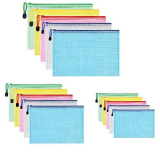 Vicloon Borse di File, 5 Pezzi A5 + 5 Pezzi A4 + 5 Pezzi A3 Sacchetto di Zip Impermeabile Mesh Sacchetto del Documento per Uffici Cosmetici Forniture Accessori da Viaggio, 5 Colori (15pcs)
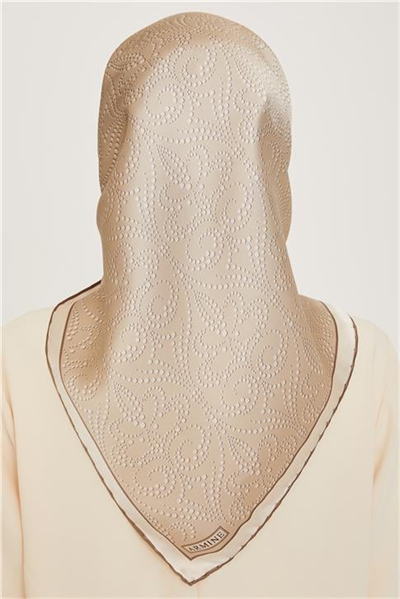 Armine Klasik Desenli Twill Saf İpek Eşarp 9246D 31
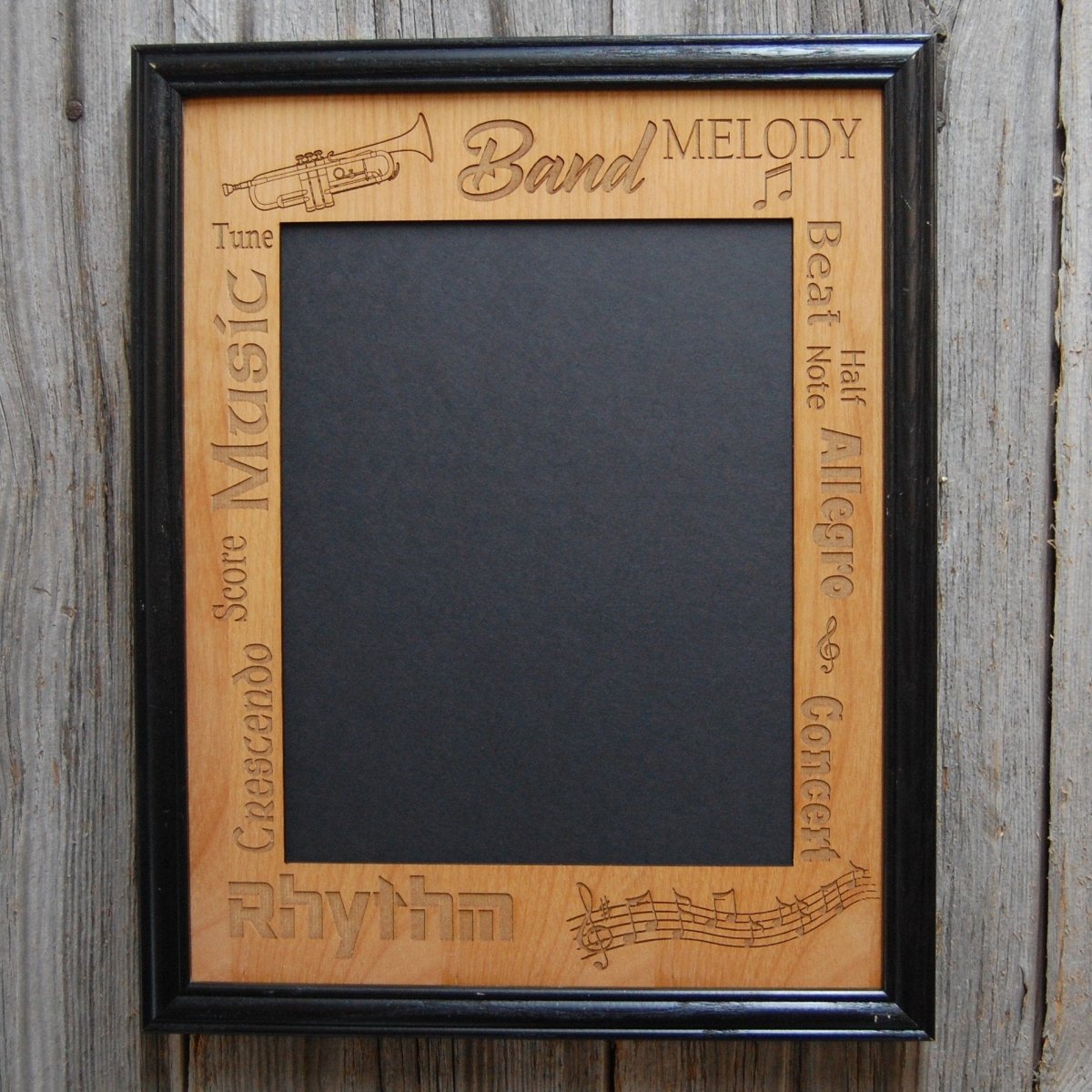 Music Picture Frame Alder Wood - 11x14 Frame Holds 8x10 Photo - Legacy Images - Picture Frames - 11x14 Picture Frame alder band laser engraved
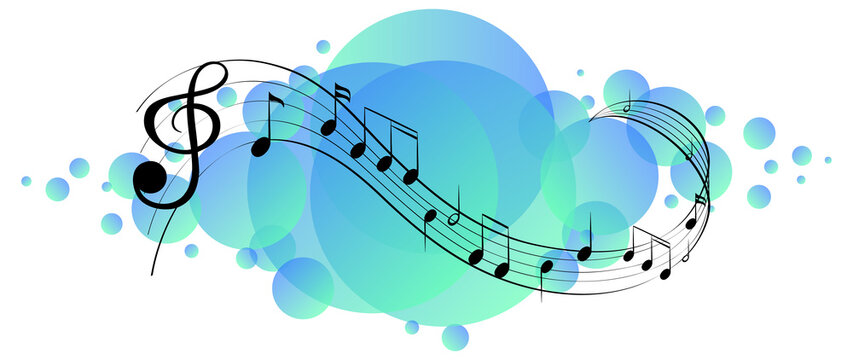 Musical melody symbols on sky blue splotch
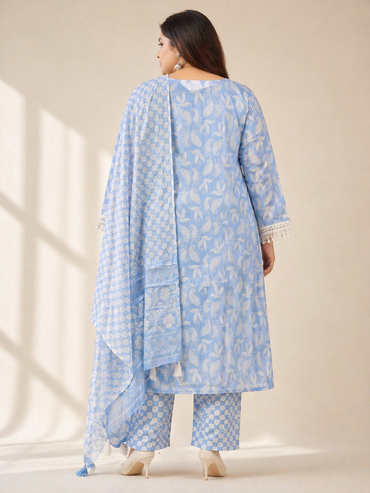 Women's Sky Blue Printed Cotton Kurta Pant Set with Dupatta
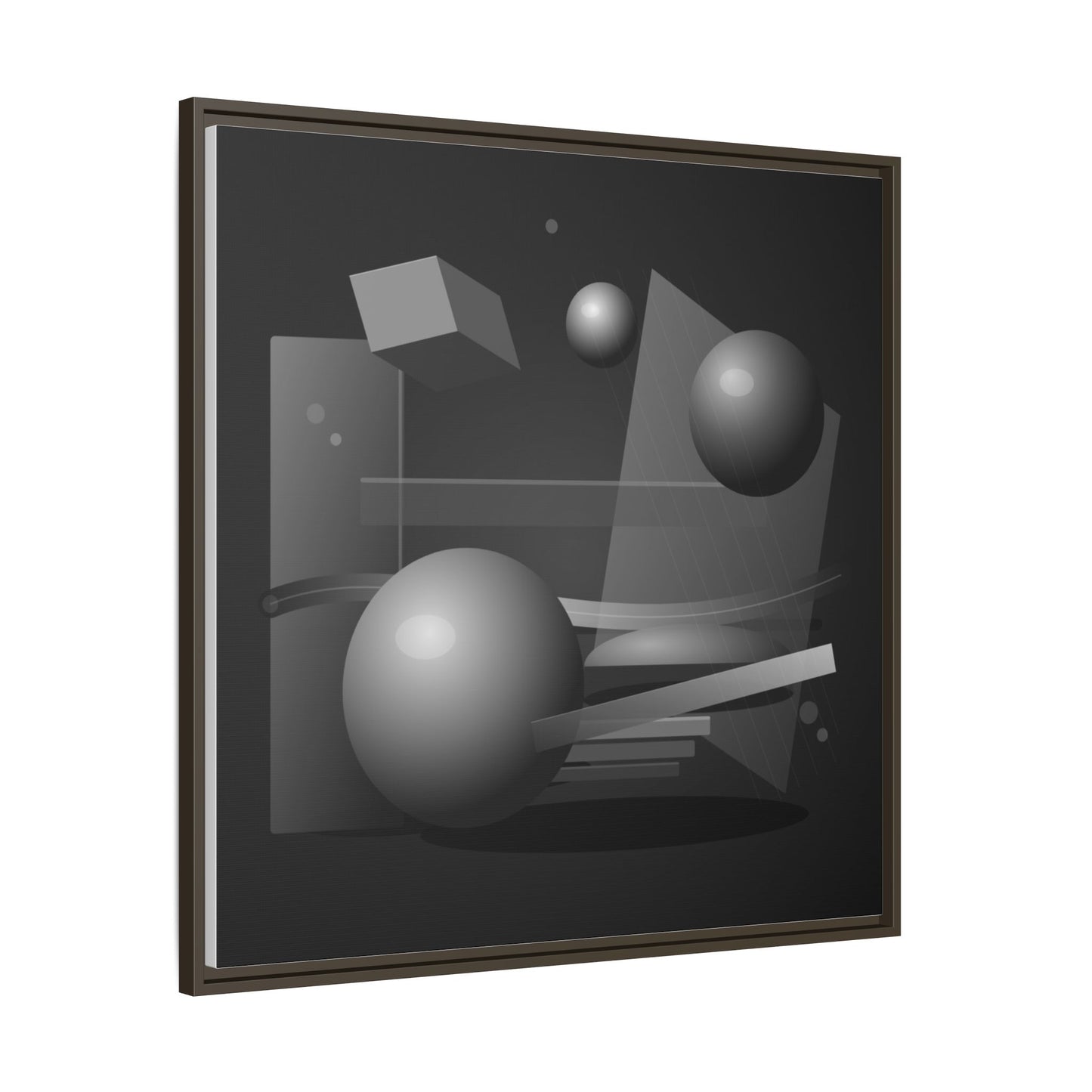 Monochrome Geometric Spheres Canvas Framed Wall Art | Matte Print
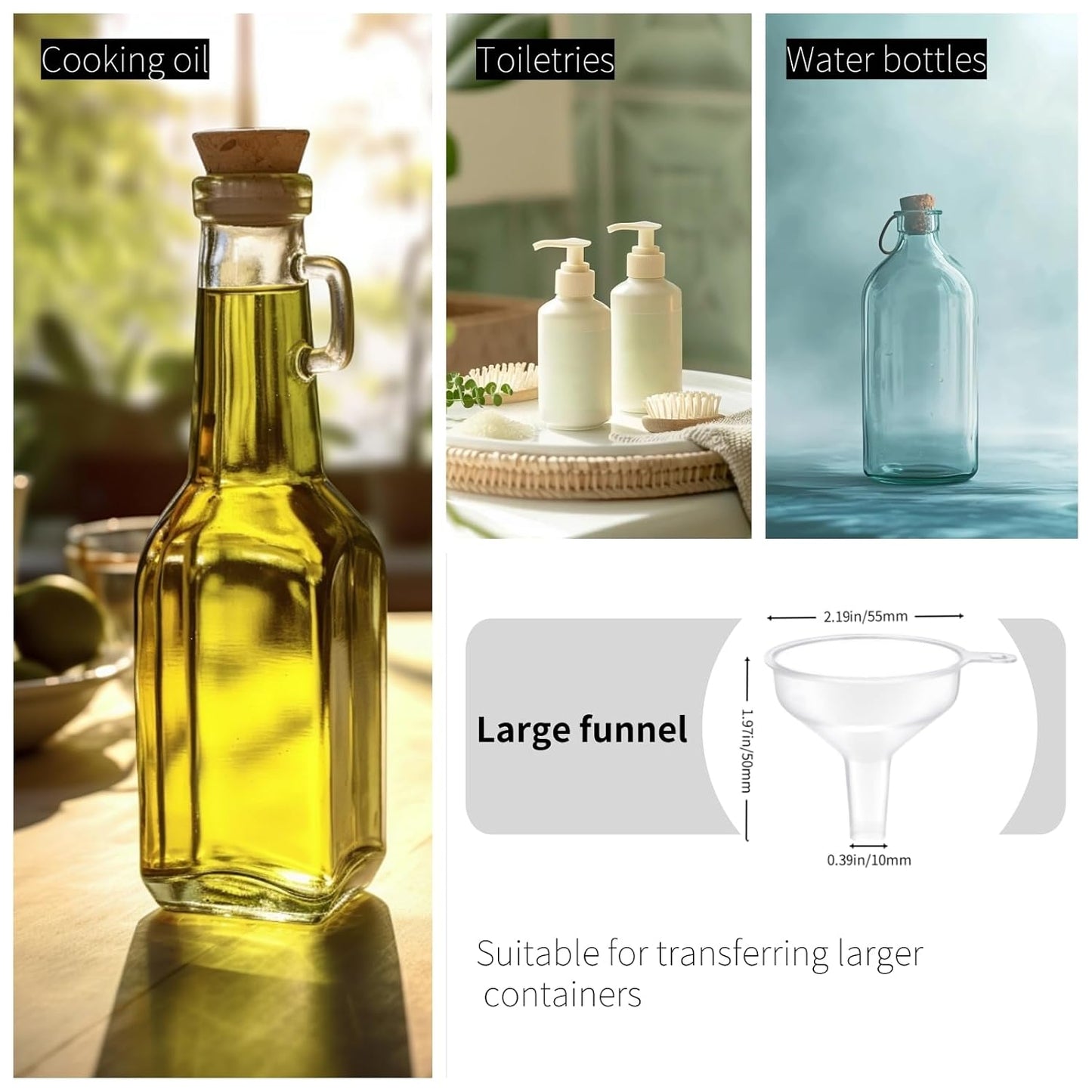 9 Pack Small Funnel Kit 3 Sizes w/Droppers for Kitchen Bottles, Essential Oils, Capsules & Pet Souvenirs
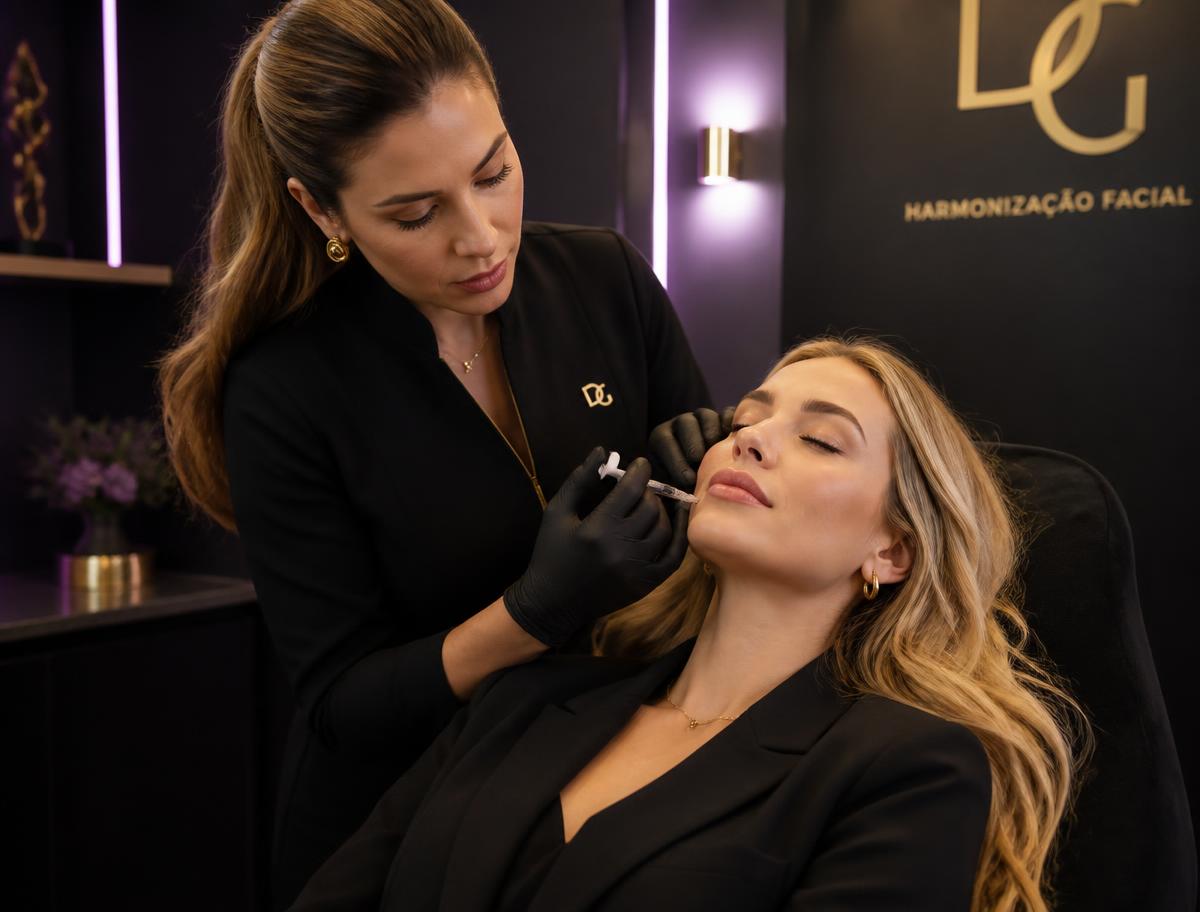 Profissional realizando harmonização facial em cliente loira em clínica refinada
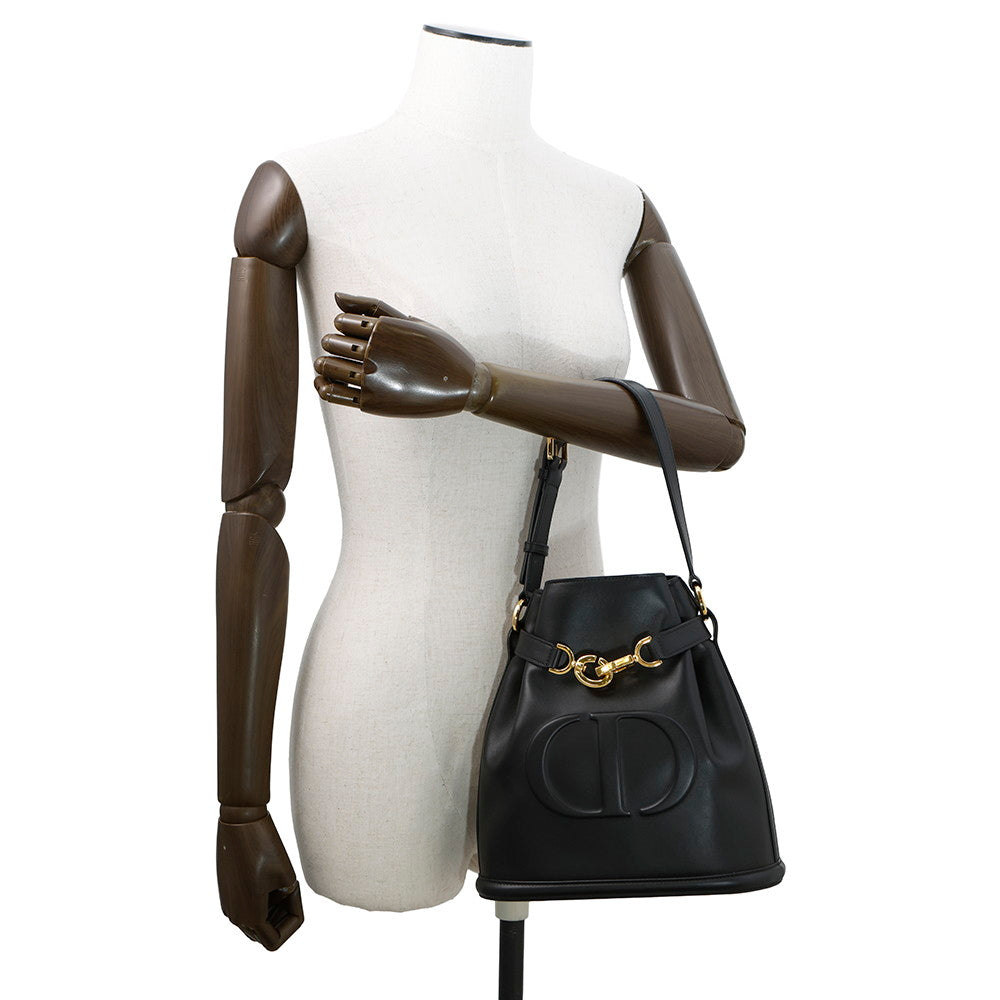 Dior C'est Dior CD Embossed Bag BlackM2271UBHA Calf Leather Size Medium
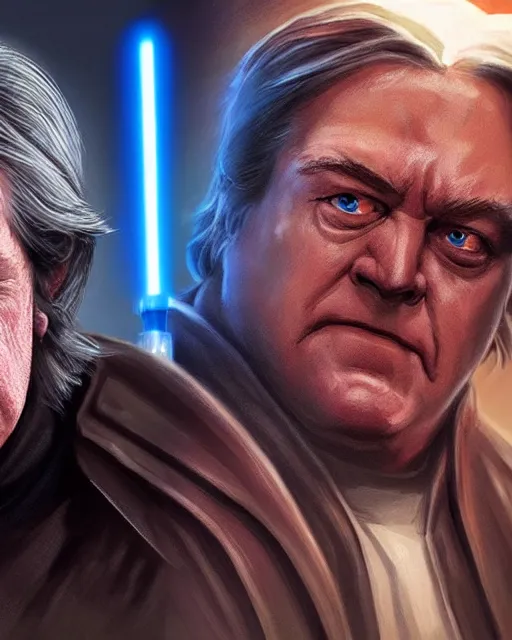 Prompt: Steve Bannon as a Sith lord in Star Wars. Unreal engine, fantasy art by Betty Jiang. Faithfully depicted facial expression, perfect anatomy global illumination, radiant light, detailed and intricate environment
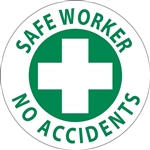 Safe Worker No Accidents - Hard Hat Labels are constructed from Durable Pressure Sensitive Vinyl, Sold 25 per pack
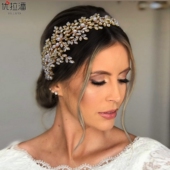 优拉潘 HP434金色华丽新娘水钻发梳珍珠花朵头饰晚礼服舞会发饰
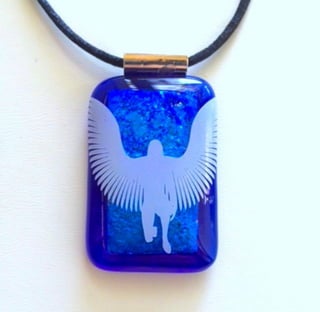 Guardian Angel Fused Dichroic Glass Pendant Necklace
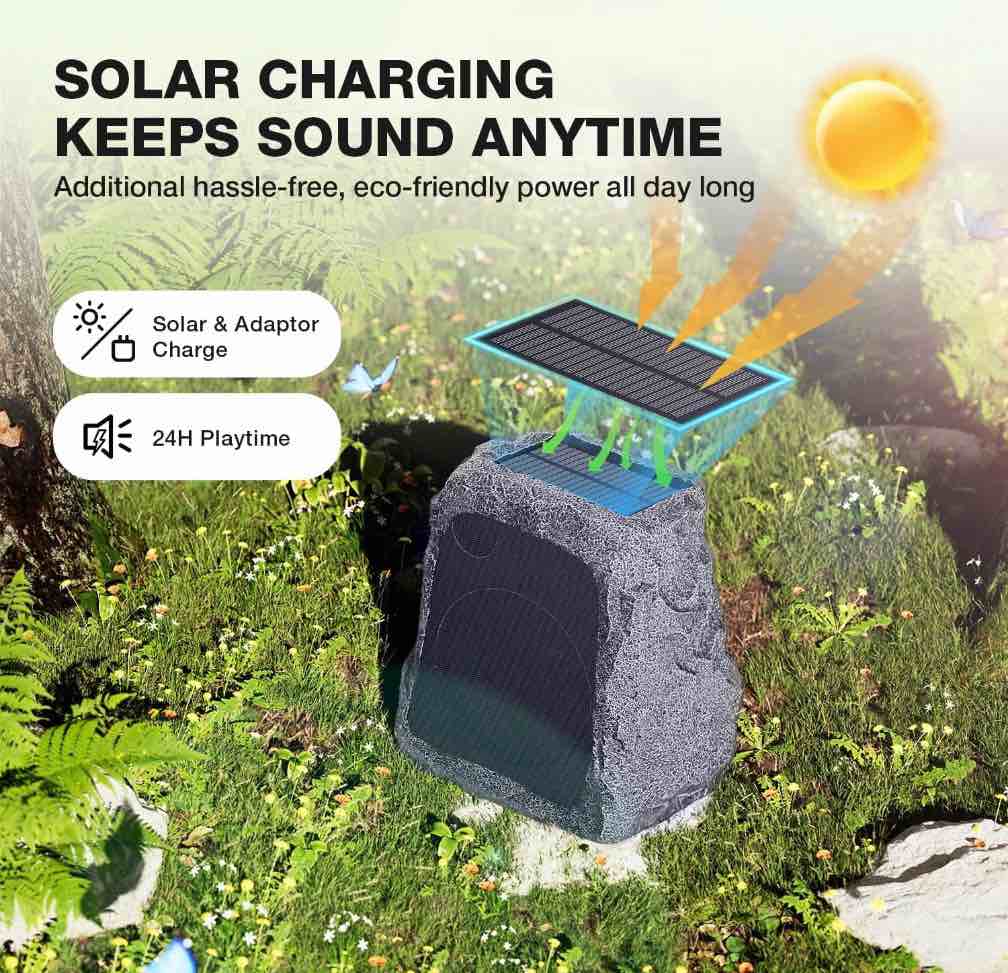Condition photo showing New/Like New for Outdoor Rock Bluetooth Speakers, Tweeters+Subwoofer, Pair 100+ Speakers, Stereo Deep Bass IPX7 Waterproof Speaker, Solar Powered, Perfect for Pool, Garden, Deck and Outdoor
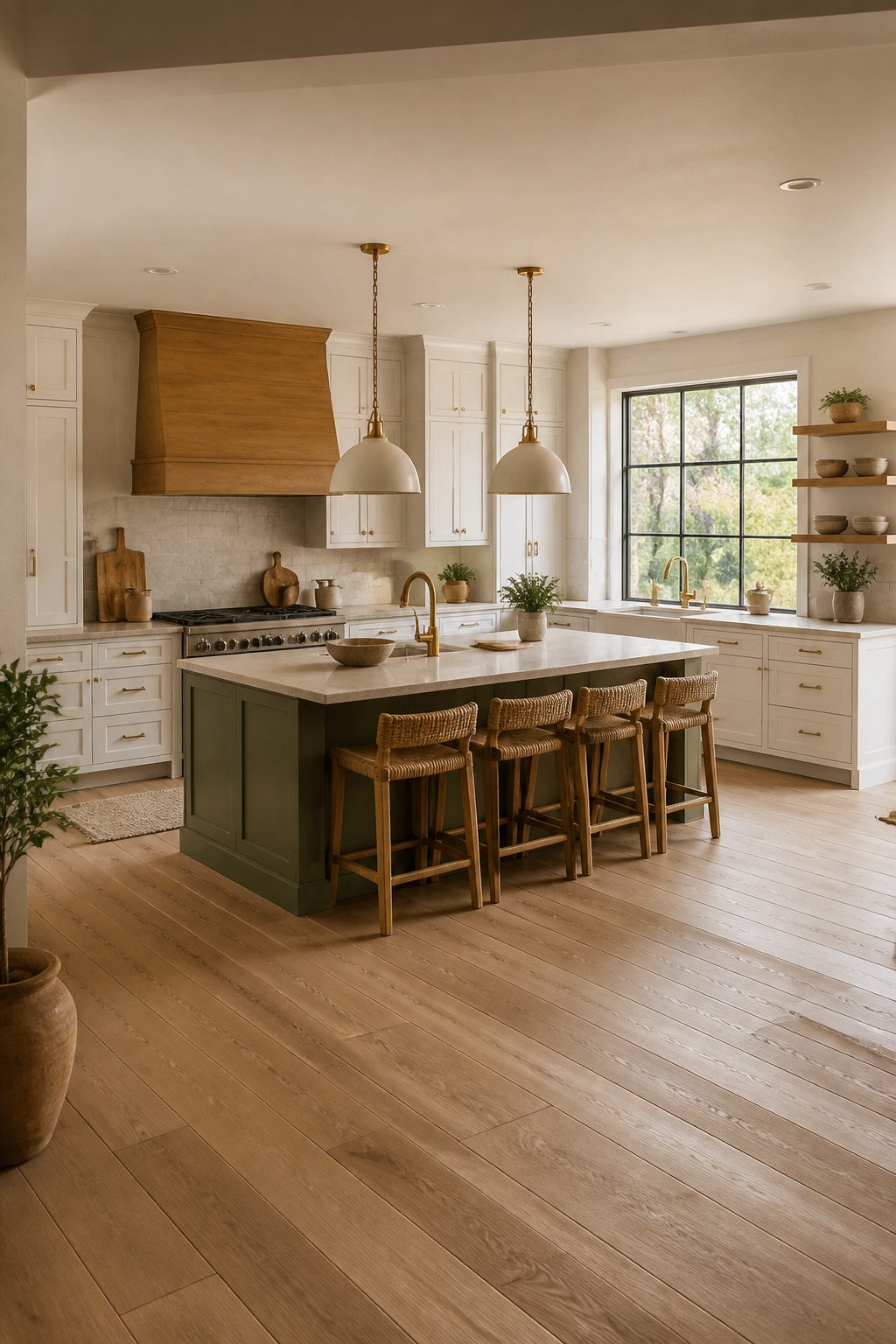 A kitchen with an olive green island and white perimeter cabinets.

== Exercise goal ==
Nothing but the lines from the one holding "Guardian Angel Fused" through the last line of the entries should be written out, exactly and inclusively, minus the pictures.

== Finished task ==
 Guardian Angel Fused Dichroic Glass Pendant Necklace
Condition photo showing New/Like New for Outdoor Rock Bluetooth Speakers, Tweeters+Subwoofer, Pair 100+ Speakers, Stereo Deep Bass IPX7 Waterproof Speaker, Solar Powered, Perfect for Pool, Garden, Deck and Outdoor
 A kitchen with an olive green island and white perimeter cabinets.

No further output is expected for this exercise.